WHAT THIS TASK INVOLVES: Give back exactly the lines of the data below, starting with the line that has "Barracas Central y" and going on through the line that has "2022 Keystone RV".

Saved data entries:
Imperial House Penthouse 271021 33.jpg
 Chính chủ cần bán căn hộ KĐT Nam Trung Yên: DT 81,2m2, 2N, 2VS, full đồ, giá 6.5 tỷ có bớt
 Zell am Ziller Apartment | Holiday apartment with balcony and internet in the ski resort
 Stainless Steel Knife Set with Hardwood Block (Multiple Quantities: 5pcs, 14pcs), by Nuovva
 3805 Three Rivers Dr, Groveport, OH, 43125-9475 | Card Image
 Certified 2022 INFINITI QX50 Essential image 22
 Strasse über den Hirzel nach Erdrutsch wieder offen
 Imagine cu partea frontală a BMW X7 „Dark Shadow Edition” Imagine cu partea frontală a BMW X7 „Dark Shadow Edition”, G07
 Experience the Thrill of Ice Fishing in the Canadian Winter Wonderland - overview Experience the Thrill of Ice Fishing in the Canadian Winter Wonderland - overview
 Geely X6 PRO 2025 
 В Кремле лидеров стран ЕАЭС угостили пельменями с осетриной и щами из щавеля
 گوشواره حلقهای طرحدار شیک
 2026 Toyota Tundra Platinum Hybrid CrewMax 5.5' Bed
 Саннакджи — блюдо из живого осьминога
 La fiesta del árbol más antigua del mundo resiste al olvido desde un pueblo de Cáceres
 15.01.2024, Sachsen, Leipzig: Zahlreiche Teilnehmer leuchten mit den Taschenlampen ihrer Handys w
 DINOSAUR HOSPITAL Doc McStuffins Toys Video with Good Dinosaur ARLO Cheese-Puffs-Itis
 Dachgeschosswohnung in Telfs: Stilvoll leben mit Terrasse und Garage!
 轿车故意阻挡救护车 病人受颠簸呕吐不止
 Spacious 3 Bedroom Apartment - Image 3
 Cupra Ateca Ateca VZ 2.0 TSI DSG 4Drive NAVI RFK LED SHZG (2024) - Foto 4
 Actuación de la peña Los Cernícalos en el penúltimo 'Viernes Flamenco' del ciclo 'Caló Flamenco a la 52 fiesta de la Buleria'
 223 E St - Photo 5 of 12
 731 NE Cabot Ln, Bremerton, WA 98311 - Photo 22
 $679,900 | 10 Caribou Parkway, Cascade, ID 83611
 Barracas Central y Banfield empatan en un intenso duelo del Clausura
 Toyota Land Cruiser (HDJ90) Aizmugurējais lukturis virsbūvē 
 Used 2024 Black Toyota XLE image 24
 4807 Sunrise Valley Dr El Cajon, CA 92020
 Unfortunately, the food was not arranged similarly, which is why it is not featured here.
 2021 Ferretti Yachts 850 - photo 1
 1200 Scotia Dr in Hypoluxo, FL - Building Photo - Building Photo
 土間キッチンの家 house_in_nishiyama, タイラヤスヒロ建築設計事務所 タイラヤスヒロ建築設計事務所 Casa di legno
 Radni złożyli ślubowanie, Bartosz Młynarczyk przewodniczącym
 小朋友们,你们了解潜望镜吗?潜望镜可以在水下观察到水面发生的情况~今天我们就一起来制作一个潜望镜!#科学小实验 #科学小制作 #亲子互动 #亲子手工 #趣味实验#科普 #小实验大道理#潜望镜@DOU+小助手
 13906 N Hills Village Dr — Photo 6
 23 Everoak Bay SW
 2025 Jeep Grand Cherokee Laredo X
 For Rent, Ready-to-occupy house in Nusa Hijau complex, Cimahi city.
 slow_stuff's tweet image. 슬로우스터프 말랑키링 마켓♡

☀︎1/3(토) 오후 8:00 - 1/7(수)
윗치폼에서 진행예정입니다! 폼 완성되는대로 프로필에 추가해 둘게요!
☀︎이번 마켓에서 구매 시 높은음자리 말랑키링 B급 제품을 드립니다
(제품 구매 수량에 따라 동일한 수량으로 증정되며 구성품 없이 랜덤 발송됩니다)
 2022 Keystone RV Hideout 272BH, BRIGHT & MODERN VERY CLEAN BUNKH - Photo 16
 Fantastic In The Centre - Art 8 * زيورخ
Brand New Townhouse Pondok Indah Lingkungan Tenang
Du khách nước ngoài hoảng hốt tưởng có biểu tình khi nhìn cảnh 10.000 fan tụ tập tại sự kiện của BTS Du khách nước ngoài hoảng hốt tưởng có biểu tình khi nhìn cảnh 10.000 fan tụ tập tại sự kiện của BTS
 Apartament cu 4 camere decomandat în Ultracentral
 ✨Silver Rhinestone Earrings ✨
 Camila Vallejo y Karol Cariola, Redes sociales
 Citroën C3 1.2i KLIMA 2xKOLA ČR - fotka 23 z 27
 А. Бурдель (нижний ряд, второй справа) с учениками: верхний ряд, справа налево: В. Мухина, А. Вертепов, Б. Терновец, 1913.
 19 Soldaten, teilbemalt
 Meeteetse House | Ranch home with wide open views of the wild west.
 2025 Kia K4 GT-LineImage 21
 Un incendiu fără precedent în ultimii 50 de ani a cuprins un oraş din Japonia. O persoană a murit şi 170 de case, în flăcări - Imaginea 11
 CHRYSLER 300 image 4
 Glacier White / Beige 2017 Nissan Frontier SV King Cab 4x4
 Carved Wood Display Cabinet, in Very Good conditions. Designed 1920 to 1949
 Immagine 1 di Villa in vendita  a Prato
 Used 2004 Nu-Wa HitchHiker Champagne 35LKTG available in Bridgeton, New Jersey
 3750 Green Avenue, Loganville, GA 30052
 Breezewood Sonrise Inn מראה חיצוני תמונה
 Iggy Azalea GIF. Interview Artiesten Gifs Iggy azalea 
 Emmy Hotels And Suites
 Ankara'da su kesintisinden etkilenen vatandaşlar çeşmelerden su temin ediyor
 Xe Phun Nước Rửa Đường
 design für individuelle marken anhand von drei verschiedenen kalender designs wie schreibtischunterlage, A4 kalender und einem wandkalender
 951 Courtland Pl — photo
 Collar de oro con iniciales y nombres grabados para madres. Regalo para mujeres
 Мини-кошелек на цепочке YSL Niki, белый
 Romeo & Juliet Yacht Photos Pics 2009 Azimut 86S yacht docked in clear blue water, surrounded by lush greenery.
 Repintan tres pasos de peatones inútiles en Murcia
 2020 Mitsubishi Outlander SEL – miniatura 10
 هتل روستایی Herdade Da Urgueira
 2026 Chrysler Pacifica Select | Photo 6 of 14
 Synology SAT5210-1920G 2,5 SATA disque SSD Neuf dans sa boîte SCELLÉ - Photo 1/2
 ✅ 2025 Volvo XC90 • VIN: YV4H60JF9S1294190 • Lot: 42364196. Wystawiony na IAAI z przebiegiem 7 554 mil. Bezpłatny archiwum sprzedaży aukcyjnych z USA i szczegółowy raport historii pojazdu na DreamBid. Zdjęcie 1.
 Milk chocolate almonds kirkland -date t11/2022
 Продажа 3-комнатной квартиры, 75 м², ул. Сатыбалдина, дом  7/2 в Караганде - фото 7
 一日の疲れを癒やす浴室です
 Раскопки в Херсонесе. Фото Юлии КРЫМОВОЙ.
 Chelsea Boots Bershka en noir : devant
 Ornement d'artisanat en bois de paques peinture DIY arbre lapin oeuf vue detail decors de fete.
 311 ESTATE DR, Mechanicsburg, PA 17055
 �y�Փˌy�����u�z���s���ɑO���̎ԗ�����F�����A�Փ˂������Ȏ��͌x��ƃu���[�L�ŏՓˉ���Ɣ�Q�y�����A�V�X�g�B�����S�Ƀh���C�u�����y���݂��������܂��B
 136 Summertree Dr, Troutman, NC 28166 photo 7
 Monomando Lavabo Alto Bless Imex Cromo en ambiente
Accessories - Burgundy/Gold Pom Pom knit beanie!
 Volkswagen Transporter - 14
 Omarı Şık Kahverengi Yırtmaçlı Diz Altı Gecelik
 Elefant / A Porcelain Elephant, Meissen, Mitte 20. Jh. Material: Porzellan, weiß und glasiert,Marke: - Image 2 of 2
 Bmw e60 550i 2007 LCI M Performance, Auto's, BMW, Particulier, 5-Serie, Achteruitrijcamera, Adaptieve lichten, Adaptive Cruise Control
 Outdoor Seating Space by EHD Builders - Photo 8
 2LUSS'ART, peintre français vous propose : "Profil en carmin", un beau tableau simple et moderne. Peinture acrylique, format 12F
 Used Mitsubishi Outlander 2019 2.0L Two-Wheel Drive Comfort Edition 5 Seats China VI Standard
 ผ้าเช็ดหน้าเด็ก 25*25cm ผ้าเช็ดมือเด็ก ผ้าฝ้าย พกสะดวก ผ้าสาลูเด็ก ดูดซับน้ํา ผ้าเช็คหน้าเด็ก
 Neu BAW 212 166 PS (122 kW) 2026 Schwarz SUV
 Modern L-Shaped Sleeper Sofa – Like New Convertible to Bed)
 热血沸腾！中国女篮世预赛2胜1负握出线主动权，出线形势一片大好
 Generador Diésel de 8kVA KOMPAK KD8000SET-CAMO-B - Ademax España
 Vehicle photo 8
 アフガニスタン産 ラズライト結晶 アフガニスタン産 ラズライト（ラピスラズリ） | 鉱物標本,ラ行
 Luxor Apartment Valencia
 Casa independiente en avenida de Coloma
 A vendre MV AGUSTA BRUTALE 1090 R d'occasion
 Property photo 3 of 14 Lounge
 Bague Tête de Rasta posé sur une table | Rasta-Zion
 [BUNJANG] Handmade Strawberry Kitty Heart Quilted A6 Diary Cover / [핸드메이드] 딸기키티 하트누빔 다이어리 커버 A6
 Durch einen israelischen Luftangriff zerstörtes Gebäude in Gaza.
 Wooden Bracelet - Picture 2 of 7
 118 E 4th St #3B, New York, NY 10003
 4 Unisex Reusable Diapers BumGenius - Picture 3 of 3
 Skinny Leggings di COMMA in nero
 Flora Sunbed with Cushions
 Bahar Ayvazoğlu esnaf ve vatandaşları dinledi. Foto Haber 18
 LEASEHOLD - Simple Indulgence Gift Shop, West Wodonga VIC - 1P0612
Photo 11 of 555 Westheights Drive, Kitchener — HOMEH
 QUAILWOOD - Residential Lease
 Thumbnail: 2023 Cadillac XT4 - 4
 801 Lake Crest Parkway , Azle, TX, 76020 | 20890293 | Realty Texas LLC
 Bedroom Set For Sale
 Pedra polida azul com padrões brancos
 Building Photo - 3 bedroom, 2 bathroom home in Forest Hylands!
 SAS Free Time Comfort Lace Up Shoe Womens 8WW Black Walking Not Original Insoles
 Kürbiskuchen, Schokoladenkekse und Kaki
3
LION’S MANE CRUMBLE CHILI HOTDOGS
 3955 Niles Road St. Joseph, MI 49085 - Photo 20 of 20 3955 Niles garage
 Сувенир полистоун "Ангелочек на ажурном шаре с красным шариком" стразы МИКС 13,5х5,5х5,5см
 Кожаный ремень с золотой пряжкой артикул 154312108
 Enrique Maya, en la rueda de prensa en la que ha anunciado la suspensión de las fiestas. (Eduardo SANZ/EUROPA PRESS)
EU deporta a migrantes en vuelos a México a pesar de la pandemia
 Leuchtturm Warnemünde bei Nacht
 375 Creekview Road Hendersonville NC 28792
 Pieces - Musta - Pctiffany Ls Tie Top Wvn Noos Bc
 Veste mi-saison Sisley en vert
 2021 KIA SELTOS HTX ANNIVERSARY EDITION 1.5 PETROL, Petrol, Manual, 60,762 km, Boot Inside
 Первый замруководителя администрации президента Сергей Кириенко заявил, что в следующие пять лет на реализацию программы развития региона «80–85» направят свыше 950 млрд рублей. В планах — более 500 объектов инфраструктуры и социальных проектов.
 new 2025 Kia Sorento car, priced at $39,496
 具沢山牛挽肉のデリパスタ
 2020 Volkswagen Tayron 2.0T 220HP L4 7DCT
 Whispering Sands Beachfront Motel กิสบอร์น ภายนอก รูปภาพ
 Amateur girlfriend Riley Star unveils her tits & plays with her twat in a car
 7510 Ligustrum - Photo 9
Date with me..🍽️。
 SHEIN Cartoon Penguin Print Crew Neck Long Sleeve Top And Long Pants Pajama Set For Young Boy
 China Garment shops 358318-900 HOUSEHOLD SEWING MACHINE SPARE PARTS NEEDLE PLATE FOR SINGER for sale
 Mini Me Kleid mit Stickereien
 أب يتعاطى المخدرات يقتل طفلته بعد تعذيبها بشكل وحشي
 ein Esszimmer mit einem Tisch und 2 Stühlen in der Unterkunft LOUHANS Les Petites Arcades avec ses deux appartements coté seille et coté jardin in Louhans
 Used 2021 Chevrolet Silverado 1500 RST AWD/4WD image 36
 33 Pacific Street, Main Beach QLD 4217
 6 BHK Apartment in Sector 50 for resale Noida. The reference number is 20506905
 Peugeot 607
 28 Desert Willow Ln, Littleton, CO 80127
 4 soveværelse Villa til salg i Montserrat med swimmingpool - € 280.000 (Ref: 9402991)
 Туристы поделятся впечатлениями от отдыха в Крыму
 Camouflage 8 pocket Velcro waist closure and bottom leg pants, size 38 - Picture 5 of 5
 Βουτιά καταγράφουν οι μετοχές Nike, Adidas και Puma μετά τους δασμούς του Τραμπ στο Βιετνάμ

YOUR RESPONSE:
 Barracas Central y Banfield empatan en un intenso duelo del Clausura
 Toyota Land Cruiser (HDJ90) Aizmugurējais lukturis virsbūvē 
 Used 2024 Black Toyota XLE image 24
 4807 Sunrise Valley Dr El Cajon, CA 92020
 Unfortunately, the food was not arranged similarly, which is why it is not featured here.
 2021 Ferretti Yachts 850 - photo 1
 1200 Scotia Dr in Hypoluxo, FL - Building Photo - Building Photo
 土間キッチンの家 house_in_nishiyama, タイラヤスヒロ建築設計事務所 タイラヤスヒロ建築設計事務所 Casa di legno
 Radni złożyli ślubowanie, Bartosz Młynarczyk przewodniczącym
 小朋友们,你们了解潜望镜吗?潜望镜可以在水下观察到水面发生的情况~今天我们就一起来制作一个潜望镜!#科学小实验 #科学小制作 #亲子互动 #亲子手工 #趣味实验#科普 #小实验大道理#潜望镜@DOU+小助手
 13906 N Hills Village Dr — Photo 6
 23 Everoak Bay SW
 2025 Jeep Grand Cherokee Laredo X
 For Rent, Ready-to-occupy house in Nusa Hijau complex, Cimahi city.
 slow_stuff's tweet image. 슬로우스터프 말랑키링 마켓♡

☀︎1/3(토) 오후 8:00 - 1/7(수)
윗치폼에서 진행예정입니다! 폼 완성되는대로 프로필에 추가해 둘게요!
☀︎이번 마켓에서 구매 시 높은음자리 말랑키링 B급 제품을 드립니다
(제품 구매 수량에 따라 동일한 수량으로 증정되며 구성품 없이 랜덤 발송됩니다)
 2022 Keystone RV Hideout 272BH, BRIGHT & MODERN VERY CLEAN BUNKH - Photo 16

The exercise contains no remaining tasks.